The decision to freeze the current threshold for the higher tax band at £43,663 means an additional 62,000 people will be subject to a higher tax rate of 42% or more. The Scottish Fiscal Commission estimates that these tax changes could generate £1.5 billion in revenue next year alone.

Budget: Scotland raises taxes on high earners with new band at 45% introduced

Alexandra Docherty

Highlighting the broader implications of these tax alterations, Alexandra Docherty, partner and head of Private Client Tax at Johnston Carmichael, expressed concerns over their complexity and potential economic impacts.

She said: “It’s no longer a simple affair to understand how much tax you pay in Scotland on your income and as Scottish taxes continue to diverge from the rest of the UK tax rates and tax bands, there could be a wider economic impact for Scotland in trying to attract talent North of the border.

“I believe this could particularly impact the financial services sector in Edinburgh, and across Scotland, and these tax changes could see them struggle to compete with the other key financial hubs in London, Bristol and Manchester.

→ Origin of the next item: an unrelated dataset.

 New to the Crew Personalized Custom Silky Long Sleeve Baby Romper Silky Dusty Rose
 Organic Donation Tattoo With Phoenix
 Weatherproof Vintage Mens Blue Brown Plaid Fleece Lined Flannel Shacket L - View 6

“It was no coincidence that when the UK Chancellor Jeremy Hunt announced his reforms to deliver the ‘benefits of Brexit’ for the UK financial services sector in December last year that he did so in Scotland’s Capital and called it the Edinburgh Reforms. It had already been noted last year that there was a more marked decline in financial services jobs in Scotland than in the rest of the UK. The further increase to tax rates is unlikely to help to attract that talent to the Capital.”

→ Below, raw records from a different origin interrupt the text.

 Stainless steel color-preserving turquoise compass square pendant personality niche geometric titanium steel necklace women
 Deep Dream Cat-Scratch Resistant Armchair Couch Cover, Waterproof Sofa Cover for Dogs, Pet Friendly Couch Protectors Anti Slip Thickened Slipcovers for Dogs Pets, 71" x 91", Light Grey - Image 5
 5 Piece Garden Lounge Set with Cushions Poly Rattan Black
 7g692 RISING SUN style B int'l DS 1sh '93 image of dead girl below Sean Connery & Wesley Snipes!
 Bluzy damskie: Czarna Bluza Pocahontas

Ms Docherty also pointed out the increased tax burden on those earning between £100,000 and £125,140, who will face a 67.5% effective tax rate by April 2024.

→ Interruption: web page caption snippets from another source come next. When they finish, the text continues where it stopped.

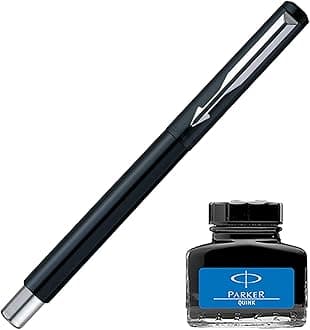 Parker Vector Standard CT Fountain Pen - Black + Quink Ink Bottle - Blue (30ML)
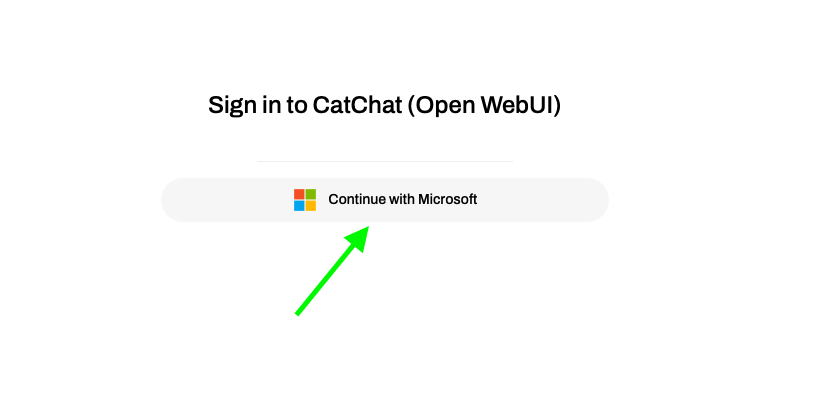 CatChat Login Page with a green arrow pointing at 'Continue with Microsoft'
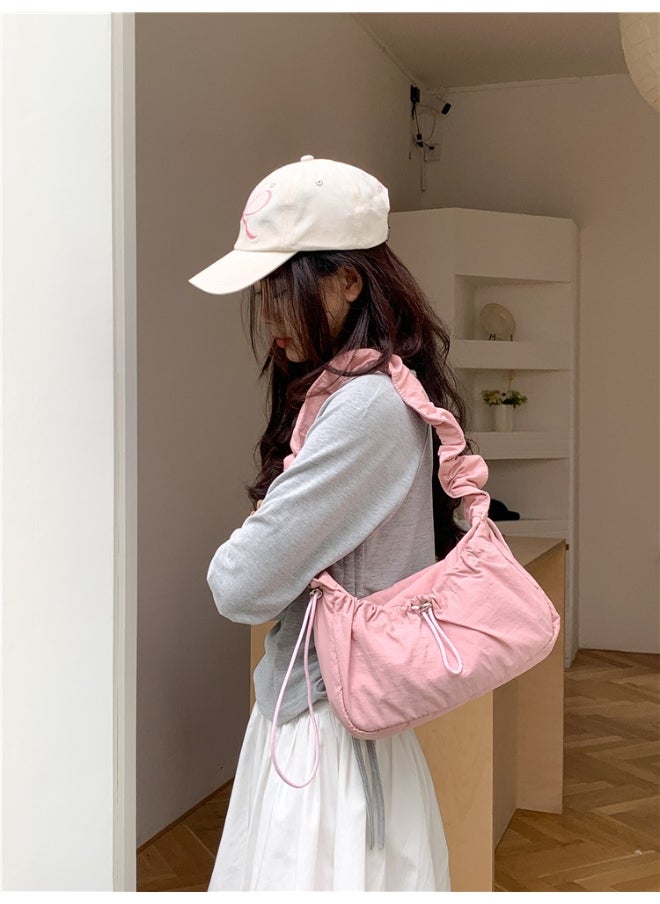 Korean Women's Bag Fold Bag Trend Literary Crossbody Nylon Bag Niche Design Fashion Casual Shoulder Small Square Bag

She continued: “Even without this tax rate increase, some have argued that what the Scottish taxpayer needs instead is a tax reduction. In fact, individuals earning over £28,000 already pay more tax than their UK counterparts.

“Someone earning £50,000 in Scotland will pay £1,542 more next tax year than their UK counterpart. The tax differential increases as income rises, with someone earning £150,000 in Scotland set to be £5,600 worse off in 2024/25 now this latest tax rate increase has come into play.”

Ms Docherty pointed out: “With over 39% of Scotland’s adult population not currently paying any income tax – based on figures published by the Scottish Government in December 2022 – it had been suggested that the focus should potentially have been redirected into ways in which the country can increase the taxpaying workforce, as that in turn would generate more tax revenues, as well as reduce the Scottish Budget deficit.”